Getting Started

Installation

For now, you need to install Caterpillar from source.

pip install -e https://github.com/Kapiche/caterpillar/#egg=caterpillar

We Have a space reserved on PyPi and version 0.1 will be added to PyPi shortly.

Basic Concepts

Caterpillar deals primarily in documents. A document is made up of 1 or more fields. Documents are stored in an index. Adding a document to an index is referred to as indexing. An index has a schema which describes the structure of documents stored in the index. When a document is indexed, each field of the document is analysed to retrieve it’s value. Each field has a type. All types besides TEXT are categorical types. A TEXT field performs tokenisation of its value to break it up into small blocks. A categorical field uses its whole value without any tokenisation.

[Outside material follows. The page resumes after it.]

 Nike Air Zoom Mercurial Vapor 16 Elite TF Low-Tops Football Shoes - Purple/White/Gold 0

When a TEXT field is tokenised, it is broken up into frames. The size of a frame is measured in sentences. Once broken into frames it is then further tokenised into words. How this process occurs is down to the analyser used. Some common tasks performed by an analyser include removing stopwords & detecting compound names (like Burger King for example).

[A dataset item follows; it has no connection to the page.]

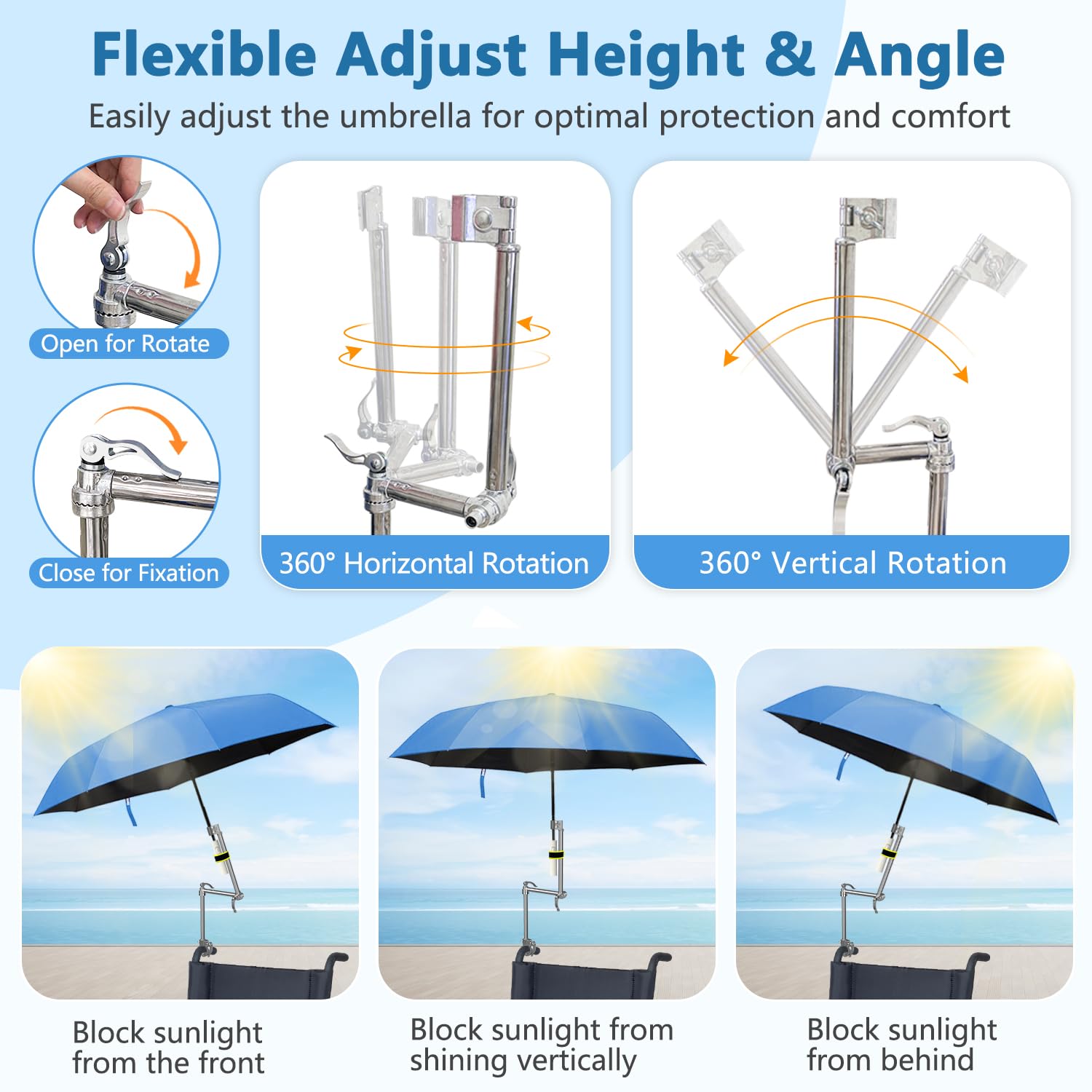 Wheelchair Umbrella Mount Holder - Adjustable Golf & Stroller Umbrella Attachment - Universal Clip Stand for Beach Chairs, Bikes, Walkers & Rollators - Perfect for Outdoor Activities, Travel & Mobility Assistance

Each field has one or more attributes which control how they are treated by Caterpillar. A field which is indexed becomes searchable/usable in a query. A field which is stored is stored in the index. It is possible to have a field that is indexed but not stored. That means you can use that field in a query but the field won’t be in the result documents. Likewise, you can have a field that is stored but not indexed. That field isn’t searchable but will be returned in the result documents.

Once some documents have been added to the index you can then start to request statistics from and search the index.

Code Examples

The source code has a bunch of examples included. You can view them in the examples folder on github.

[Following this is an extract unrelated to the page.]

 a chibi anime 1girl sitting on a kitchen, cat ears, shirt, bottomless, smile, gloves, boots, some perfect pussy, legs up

Creating and writing an Index

An index is used to store documents which are comprised of one or more fields. The schema of an index controls what document fields are support by this index. Field don’t have to have a value. Here is some example code creating an index and adding a document to it.

import os
import shutil
import tempfile

from caterpillar.processing.index import IndexWriter, IndexConfig
from caterpillar.processing.schema import TEXT, Schema, NUMERIC
from caterpillar.storage.sqlite import SqliteStorage

path = tempfile.mkdtemp()
try:
    index_dir = os.path.join(path, "examples")
    with open('caterpillar/test_resources/moby.txt', 'r') as f:
        data = f.read()
        with IndexWriter(index_dir, IndexConfig(SqliteStorage, Schema(text=TEXT, some_number=NUMERIC))) as writer:
            writer.add_document(text=data, some_number=1)
finally:
    shutil.rmtree(path)

Read more about IndexWriter.

Searching an Index

Once data is stored on an index, you can then retrieve it.

import os
import shutil
import tempfile

from caterpillar.processing.index import IndexWriter, IndexConfig, IndexReader
from caterpillar.processing.schema import TEXT, Schema
from caterpillar.searching.query.querystring import QueryStringQuery
from caterpillar.storage.sqlite import SqliteStorage

path = tempfile.mkdtemp()
try:
index_dir = os.path.join(path + "examples")
with open('caterpillar/test_resources/alice.txt', 'r') as f:
    data = f.read()
    with IndexWriter(index_dir, IndexConfig(SqliteStorage, Schema(text=TEXT))) as writer:
        writer.add_document(fold_case=True, text=data)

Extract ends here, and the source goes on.